If the object of the term "inclusive" is the teaching of the Church on matters of marriage and sexuality, then it is quite another matter. And the meaning is quite different. It is the assimilation of this second sense to the first sense in the common sensibility of both Christians and others that is the unfortunate, and, I suspect, intended consequence of failure to distinguish between the two senses on the part of pro-gay advocates.

A first reflection, from the point of view of Christian life, arises from the moment of Baptism, the Sacrament by which a person becomes a member of the Church. The Baptismal profession of faith expresses a turning away from sin and a turning towards the person of Christ, a conversion of life. That call to a conversion of life asks those who enter the Church to live a changed life, not just at the temporal moment of Baptism but existentially in the subsequent living of the Christian life. Each individual might face that call in a different specific manner, and so the specificity of that call experienced by a person who identifies as LGBT will differ from the specificity of the call for a person who has, say, pursued a life of crime.

A second reflection arises from considering whether or not the Church should use the term "inclusive" to describe its nature. According to the Compendium of the Catechism of the Catholic Church, n.166:
The Church is catholic, that is universal, insofar as Christ is present in her: "Where there is Christ Jesus, there is the Catholic Church " (Saint Ignatius of Antioch). The Church proclaims the fullness and the totality of the faith; she bears and administers the fullness of the means of salvation; she is sent out by Christ on a mission to the whole of the human race.
This is more fully developed in the corresponding paragraphs of the Catechism of the Catholic Church, nn. 830-831:
Secondly, the Church is catholic because she has been sent out by Christ on a mission to the whole of the human race:
All men are called to belong to the new People of God.
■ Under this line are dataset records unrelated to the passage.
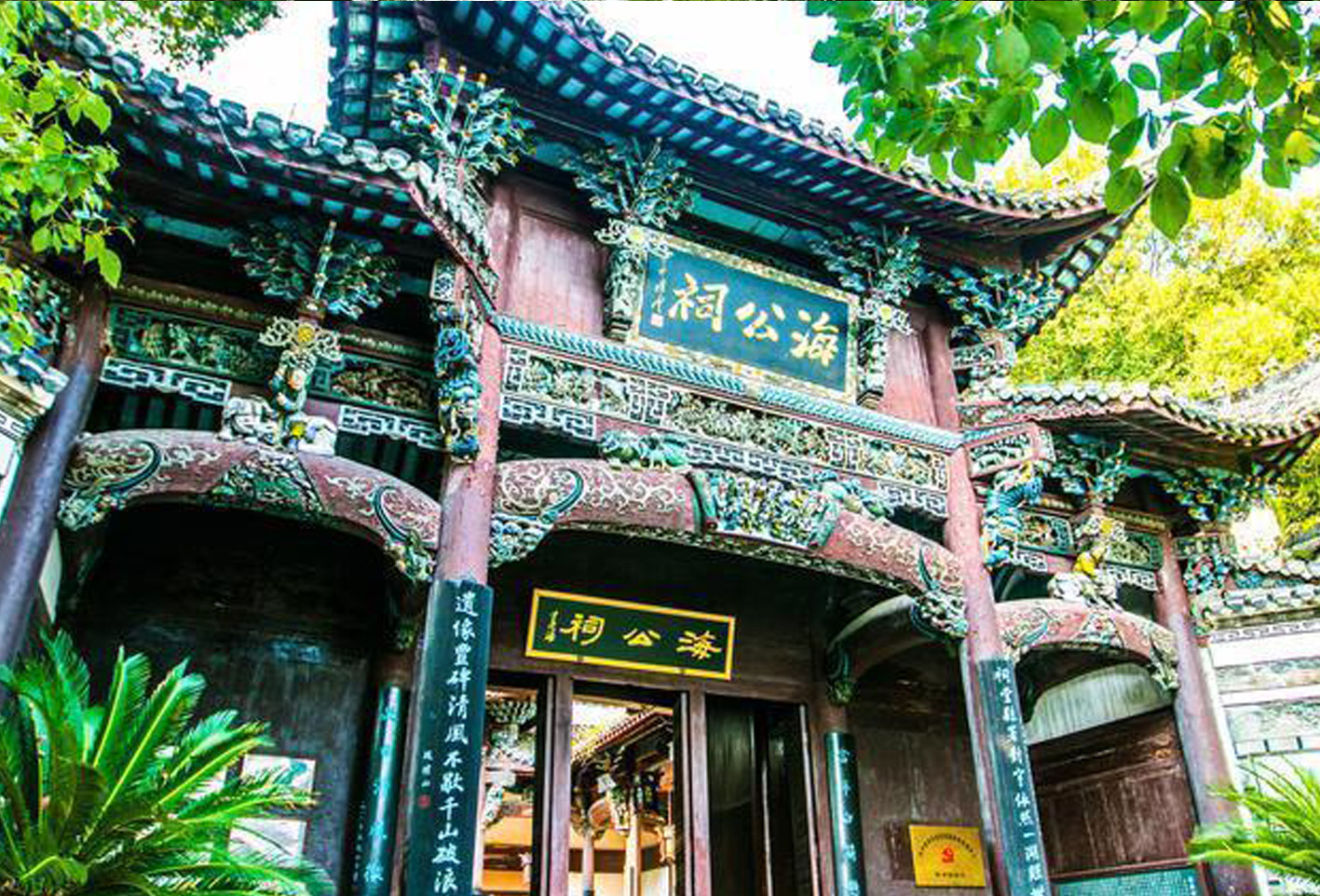 腾博tengbo9885_首页(欢迎您)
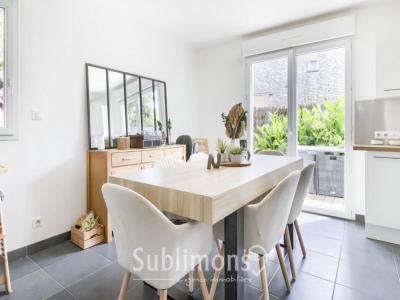 For sale Saint-lyphard 5 rooms 100 m2 Loire atlantique (44410) photo 3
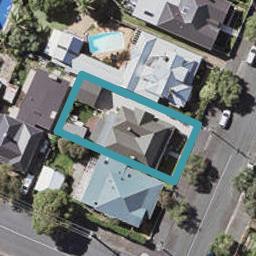 19 Cheltenham Road, Devonport, Auckland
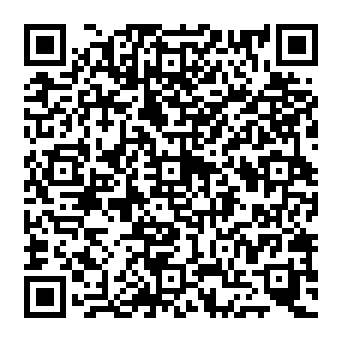 QR bf0be17
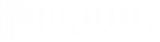 pfo logo transparent 2 pittsburgh film office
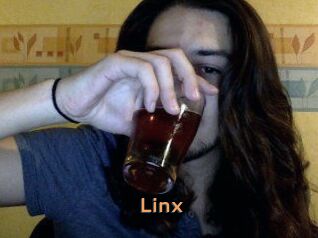 Linx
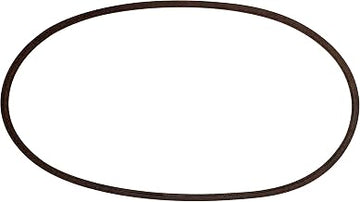 New Ariens Snow Blower Thrower 3/8" x 35.5" V-Belt Belt Part # Number 07200111 supplier_id_stollerlawnandgarden.com (#ATOE21181720130722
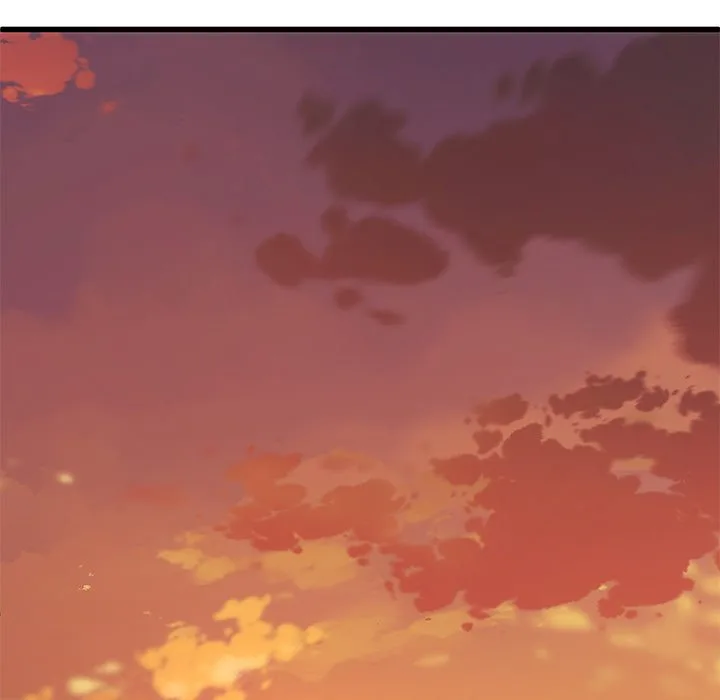 Taoist Wizard Joonseok Jeon Chapter 8 page 70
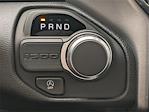 New 2026 Ram 1500 Big Horn Crew Cab Pickup for sale #TN213067 - photo 16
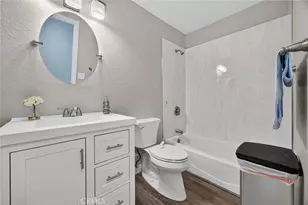151 S Quintana Dr, Anaheim Hills, CA 92807 - Photo 11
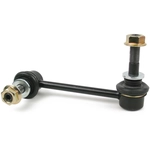Order MEVOTECH - MK90677 - Sway Bar Link Kit For Your Vehicle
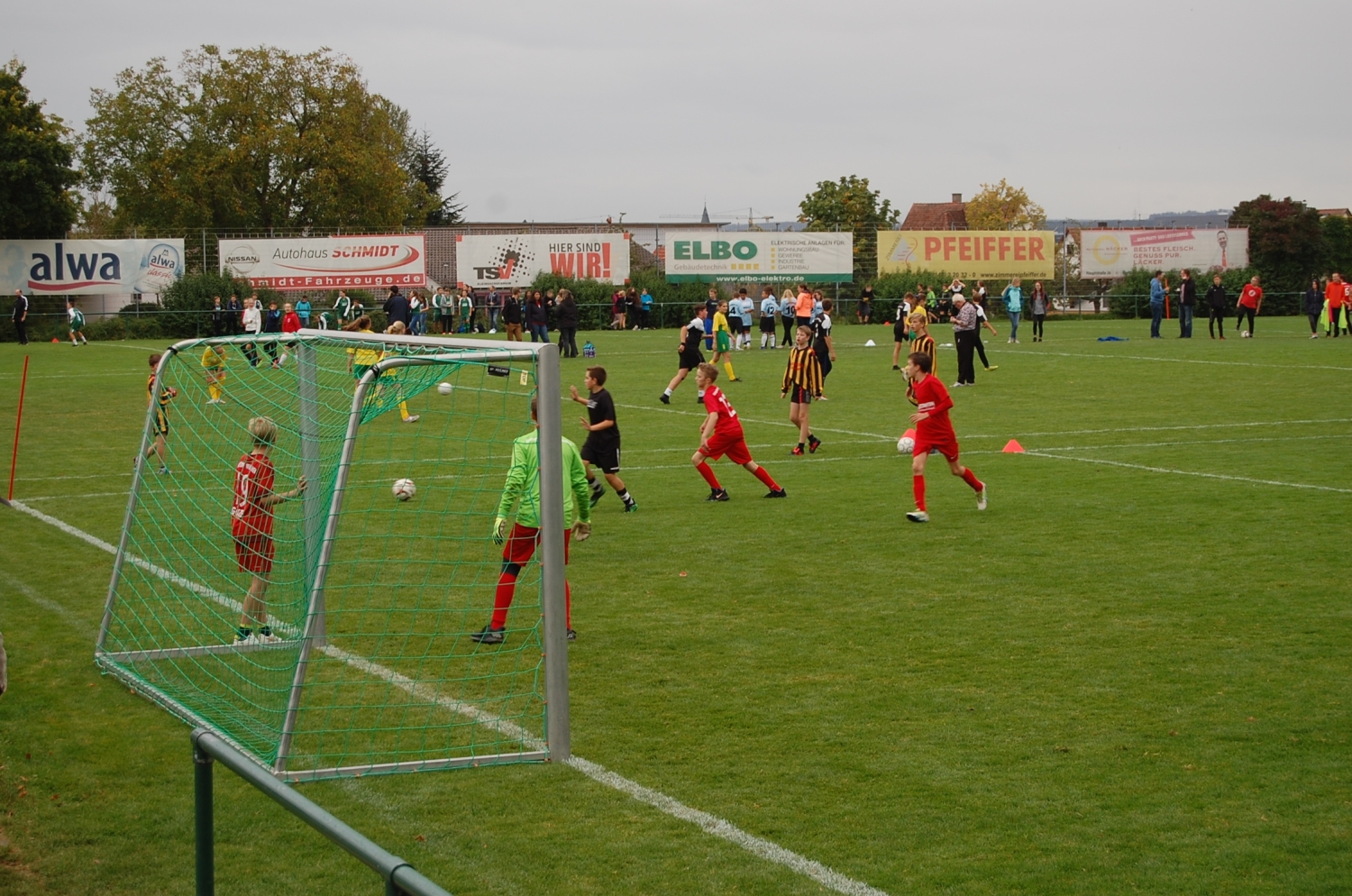 KonfiCup2019-14.JPG
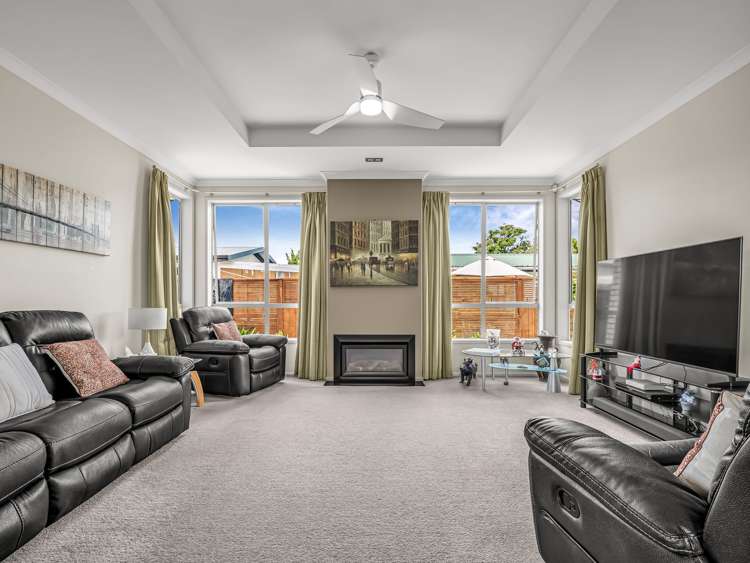 43A Victoria Avenue Whakatane_7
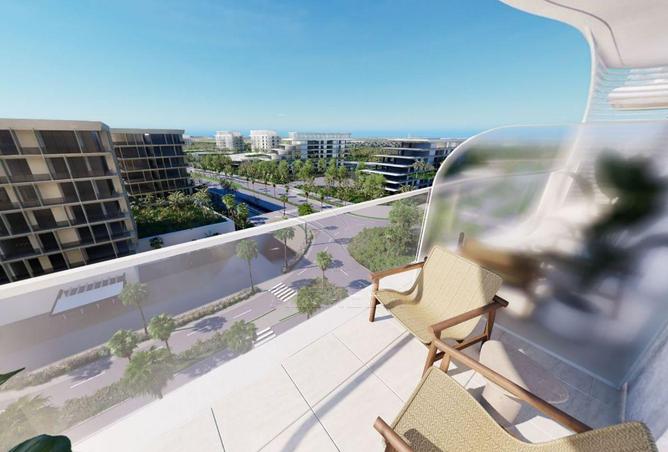 59745087 - صورة العقار 2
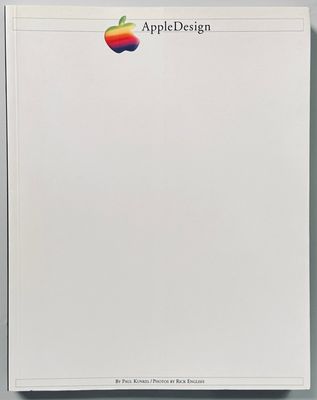 AppleDesign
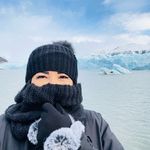 Norma Wong - @nowo07 - Instagram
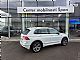 Volkswagen&nbsp;Tiguan&nbsp;<small><strong>2.0 TDI AUT 4MOTION R-Line +SLO +VRHUNSKI</strong></small>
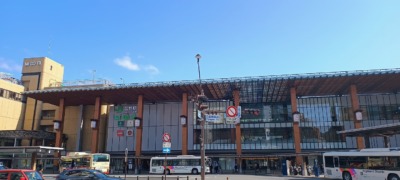 IMG_20260305_140401845_AEs-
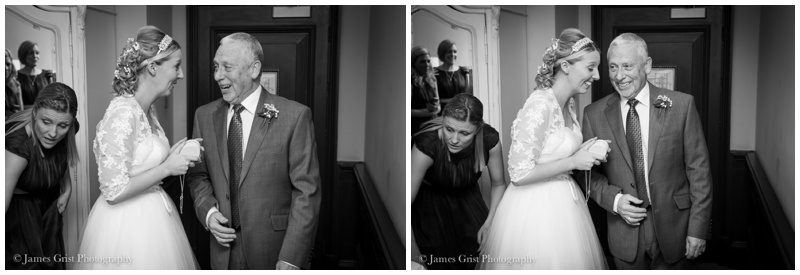 Kent Wedding Photographer- James Grist Photography_2085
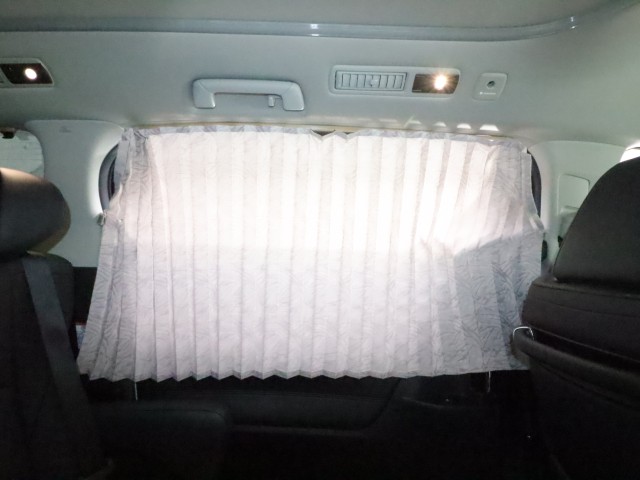 トヨタ ｱﾙﾌｧｰﾄﾞ ﾊｲﾌﾞﾘｯﾄﾞ ﾊｲﾌﾞﾘｯﾄﾞSR Cﾊﾟｯｹｰｼﾞ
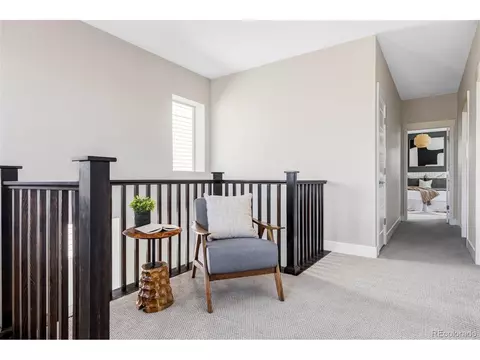 9628 E 57th Ave, Denver, CO 80238 photo 15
This People, therefore, while remaining one and only one, is to be spread throughout the whole world and to all ages in order that the design of God's will may be fulfilled: he made human nature one in the beginning and has decreed that all his children who were scattered should be finally gathered together as one.... the character of universality which adorns the People of God is a gift from the Lord himself whereby the Catholic Church ceaselessly and efficaciously seeks for the return of all humanity and all its goods, under Christ the Head in the unity of his Spirit.
It is clear, I think, that the Church describes herself as "catholic" or "universal", and does not use the term "inclusive" to describe her own nature.  I would suggest that, in responding to the misguided claim in favour of an "inclusive" Church, we should instead respond with an account of the catholic, or universal, nature of the Church.

Saturday, 25 July 2015

Ideological colonisation?

During his visit to the Philippines in January, Pope Francis warned against an "ideological colonisation" of the family - Pope says "ideological colonisation" threatens traditional family.
Pope Francis on Friday warned against an "ideological colonisation of the family," a reference to gay marriage around the world and to a heated debate in the Philippines about a government population control plan.
The Pope made his impromptu comments at rally for families in Manila on a day that began with an appeal to the government to tackle corruption and hear the cries of the poor suffering from "scandalous social inequalities" in Asia's most Catholic country.
It is interesting in this context to watch Kenya's President Uhuru Kenyatta's response to  US President Barack Obama's comments on gay rights, during a press conference. It can be found in the second embedded clip of the BBC News report: Kenya: Trials would aid fight against corruption - Obama. (There is a certain disingenuity in President Obama's reference to "love", the term "love" here being typically undefined).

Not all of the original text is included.